Three neural nets walk into a bar (and classify it)
A 2016 tutorial repo that still runs on TensorFlow 2.x, comparing how feedforward, convolutional, and recurrent networks handle city noise.

What it does
This repo contains three Jupyter notebooks that train neural networks to classify urban sounds—sirens, jackhammers, dog barks, etc.—using the UrbanSound8K dataset. Each notebook implements a different architecture: a vanilla feedforward net, a CNN, and an RNN (LSTM). The code is paired with blog posts for the first two, making it a walkthrough-style resource rather than a production system.
The interesting bit
The value is in the side-by-side comparison. You can watch the same audio spectrograms get flattened, convolved, and sequenced through three different inductive biases, with the CNN and RNN notebooks showing how spatial and temporal structure each get exploited. It’s a teaching tool for understanding why architecture choice matters for audio, not just that it does.
Key highlights
- Three complete, runnable notebooks (feedforward → CNN → RNN progression)

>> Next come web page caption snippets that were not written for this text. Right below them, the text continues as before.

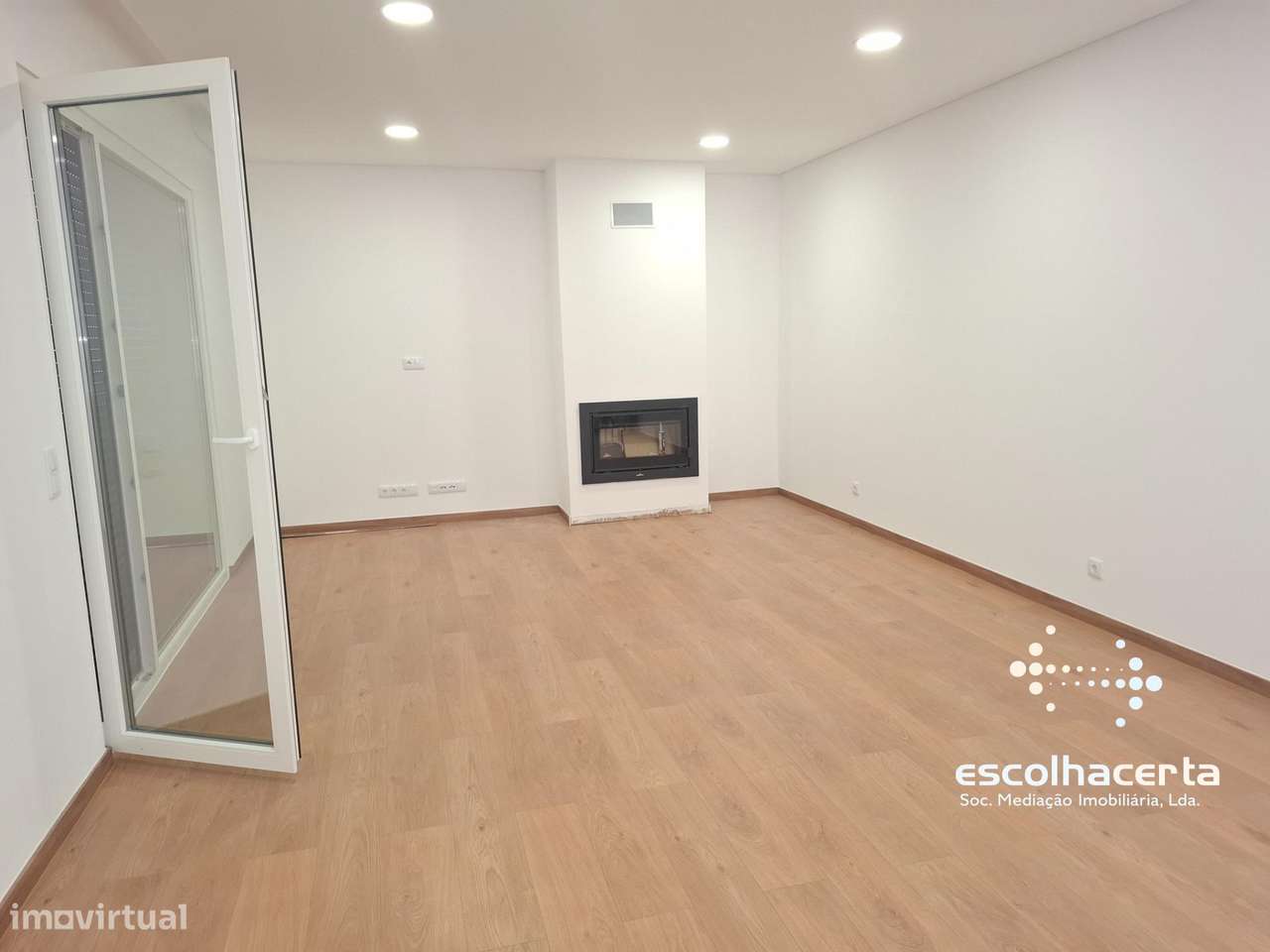 Moradia Térrea T4 Nova com Piscina Brejos Azeitão-52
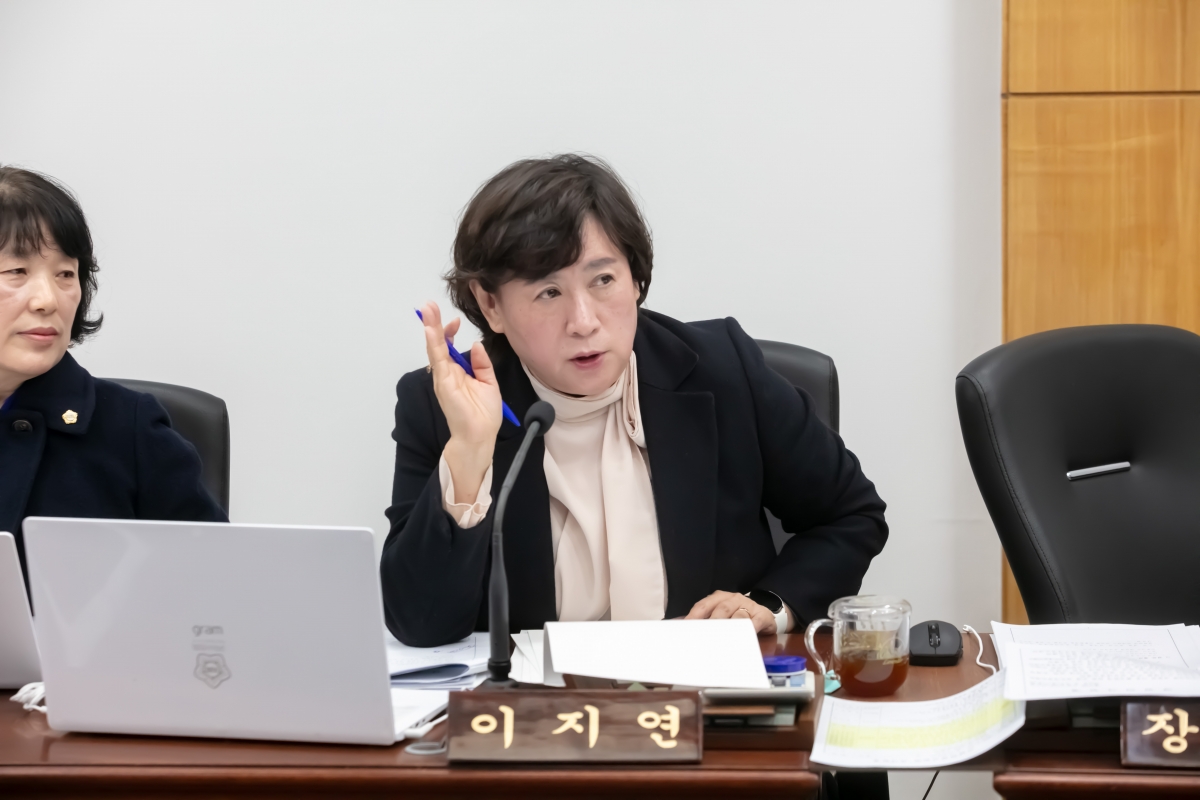 20240117-059[IMG_9143-제273회 임시회 산업건설위원회 조례안 심사활동.jpg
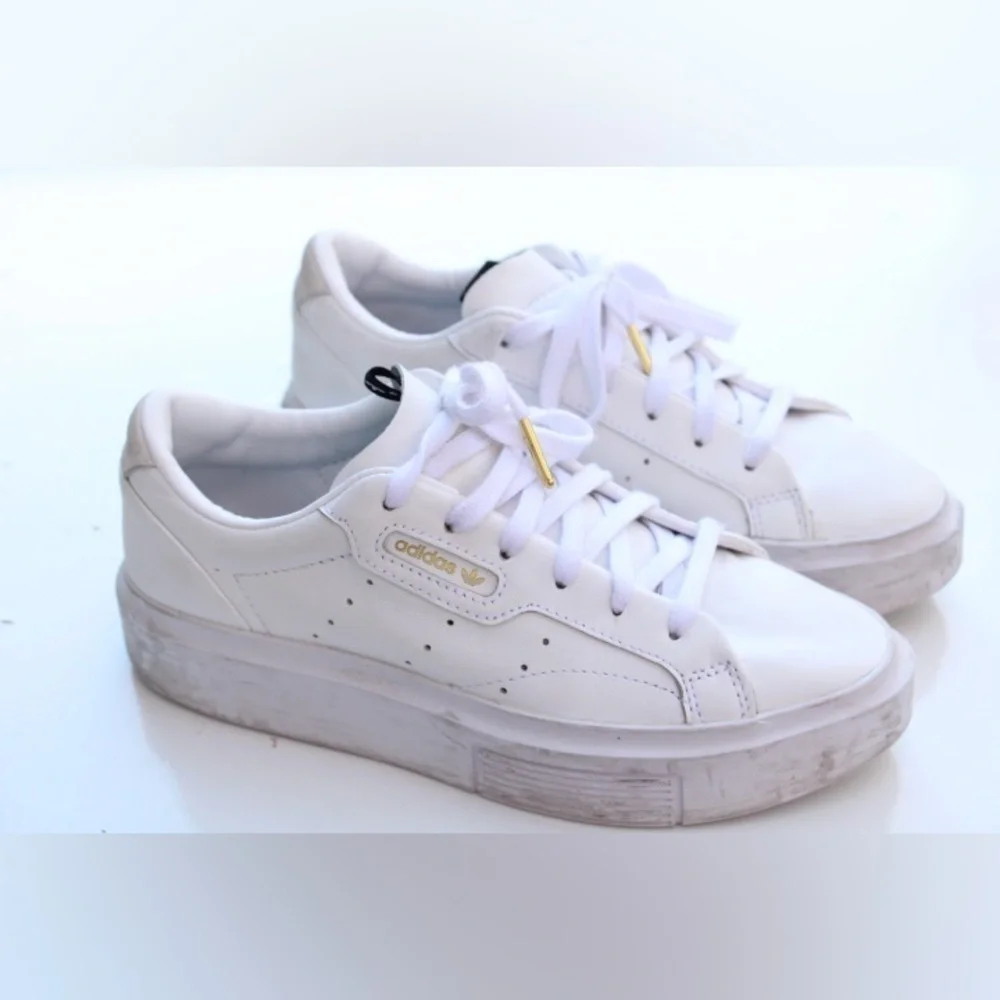 Adidas Sleek sneakers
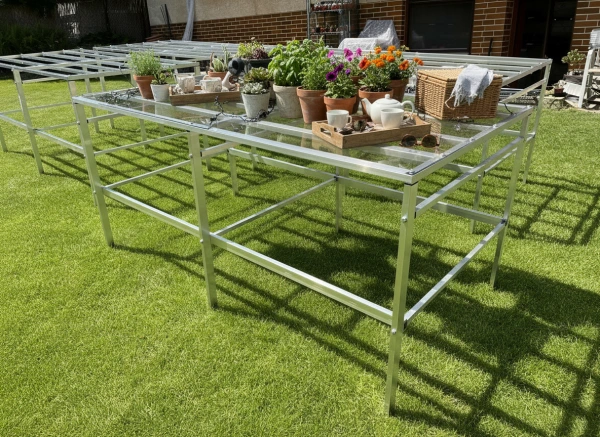 Hliníkový pracovný stôl EAL do skleníka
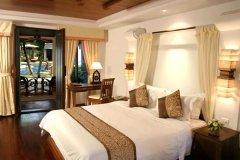 03-muang-samui-spa-resort-Junior-Suite-Pool-View.jpg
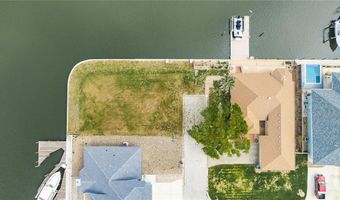 110 DOLPHIN Ct, Aransas Pass, TX 78336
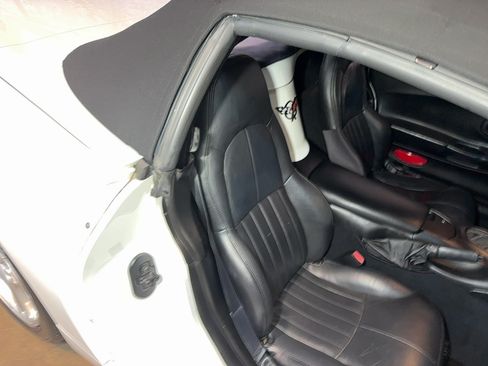 Used 1998 Chevrolet Corvette Convertible w/ Memory Pkg RWD image 73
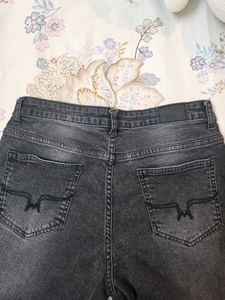Straight Fit Jeans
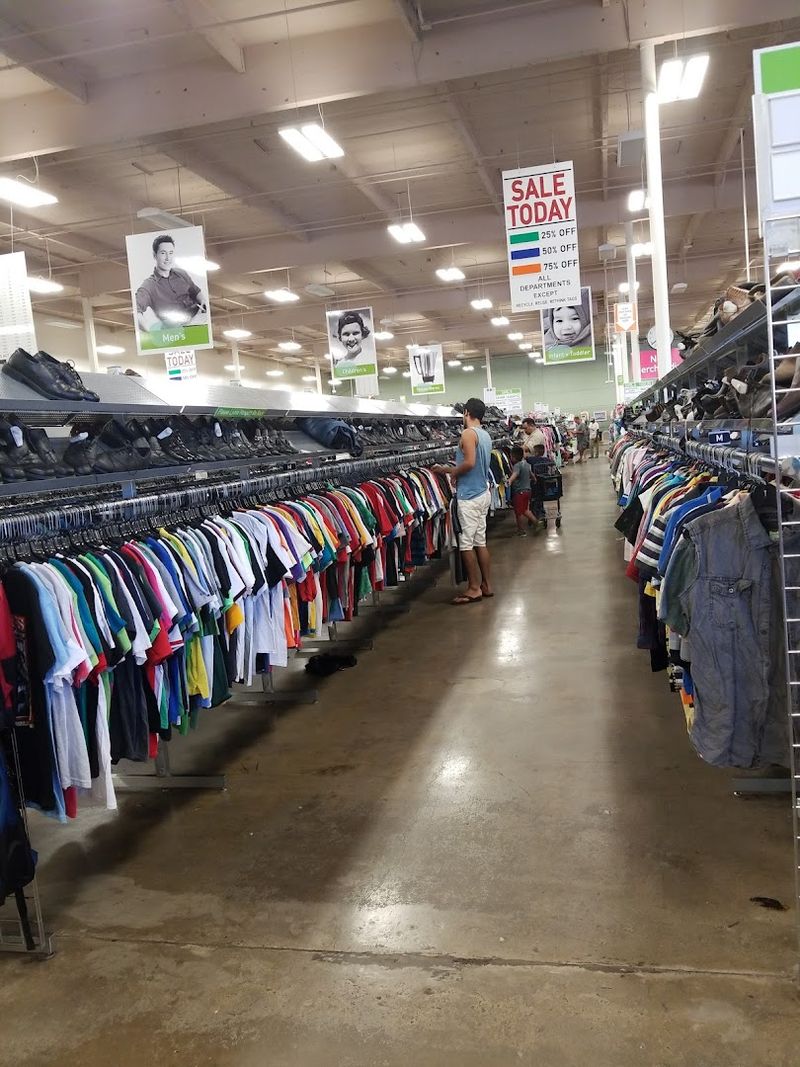 The Color-Tag Discount System Is A Thrifter's Secret Advantage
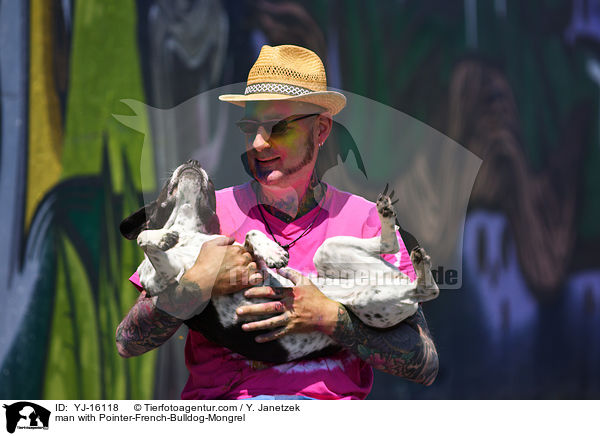 Mann mit Pointer-Franzsische-Bulldogge-Mischling / man with Pointer-French-Bulldog-Mongrel / YJ-16118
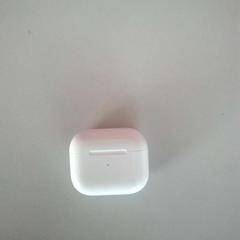 İLost kullanarak Twisto tarafından bildirildiği gibi Kulaklık kılıfı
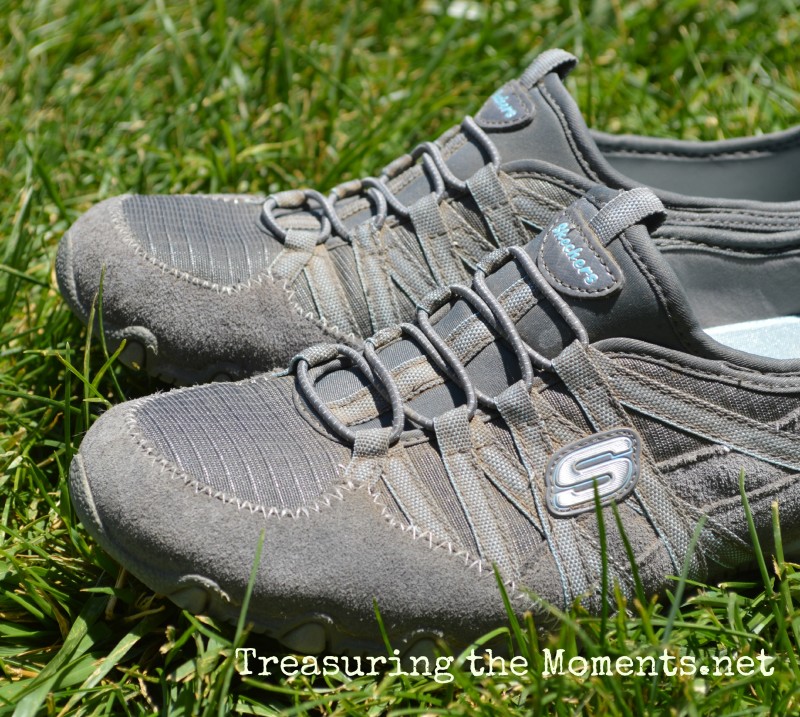 tennis shoes, exercise, treasuringthemoments.net
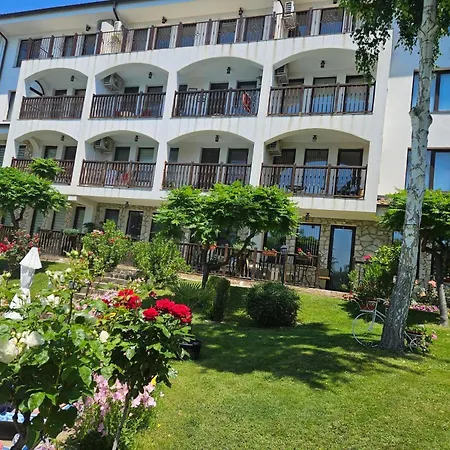 Delfin Sea View Apartmán *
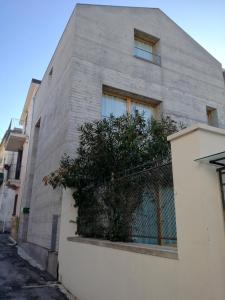 a building with a bush on the side of it at La casa di Mario...tra le case Via del Giglio 52 in Ortona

- Accompanying blog posts explain the feedforward and CNN implementations step-by-step
- Updated to TensorFlow 2.x from the original 1.x codebase
- Uses librosa for standard audio preprocessing (spectrograms, MFCCs)
- Also references Google’s AudioSet as a follow-up dataset for scale
Caveats
- The RNN notebook has no linked blog post, so you’re on your own for explanation
- No training curves, accuracy numbers, or model comparison table in the README—you’ll need to run the notebooks to see performance
- Last substantive update appears to be the TF 2.x migration; no modern architectures (transformers, wav2vec-style approaches)
Verdict
Good for students or practitioners who want to feel the architectural differences in audio classification before reaching for pre-trained models. Skip it if you need a production pipeline or state-of-the-art results; the field has moved on.